### Aim of the task
Output every line below as it stands, dropping only the images.

### Data shown
□ □ □ □ □
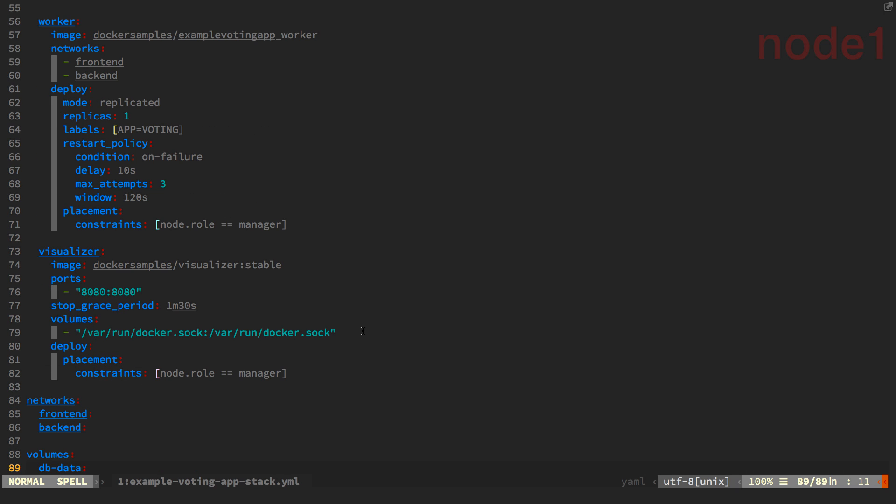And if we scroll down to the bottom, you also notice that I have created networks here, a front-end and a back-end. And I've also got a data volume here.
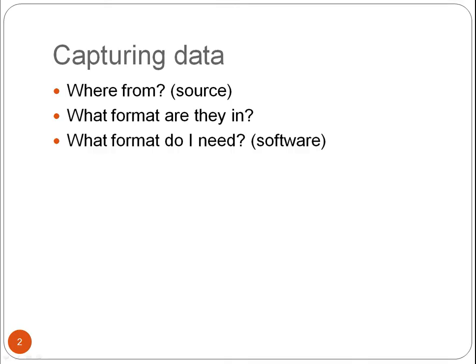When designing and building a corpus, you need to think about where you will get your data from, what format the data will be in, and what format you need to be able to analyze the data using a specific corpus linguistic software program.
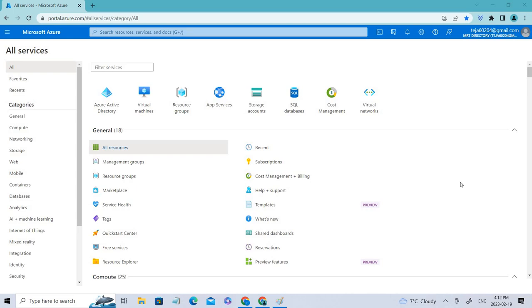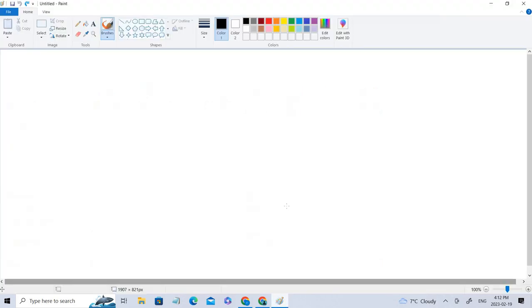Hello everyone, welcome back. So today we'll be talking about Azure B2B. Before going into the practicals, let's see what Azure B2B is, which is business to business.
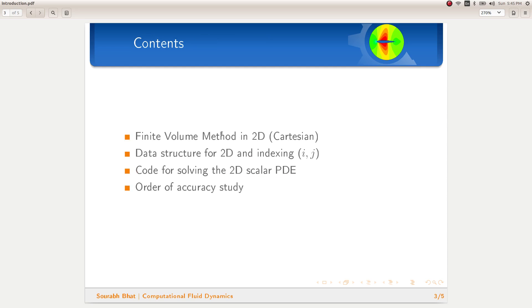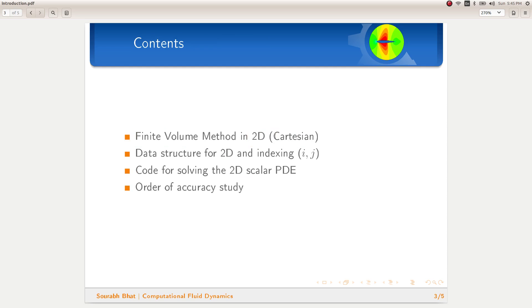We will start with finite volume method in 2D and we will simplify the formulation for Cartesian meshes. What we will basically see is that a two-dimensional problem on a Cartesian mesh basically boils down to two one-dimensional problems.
□ □ □ □ □
### Solution to this problem
And if we scroll down to the bottom, you also notice that I have created networks here, a front-end and a back-end. And I've also got a data volume here.
When designing and building a corpus, you need to think about where you will get your data from, what format the data will be in, and what format you need to be able to analyze the data using a specific corpus linguistic software program.
Hello everyone, welcome back. So today we'll be talking about Azure B2B. Before going into the practicals, let's see what Azure B2B is, which is business to business.
We will start with finite volume method in 2D and we will simplify the formulation for Cartesian meshes. What we will basically see is that a two-dimensional problem on a Cartesian mesh basically boils down to two one-dimensional problems.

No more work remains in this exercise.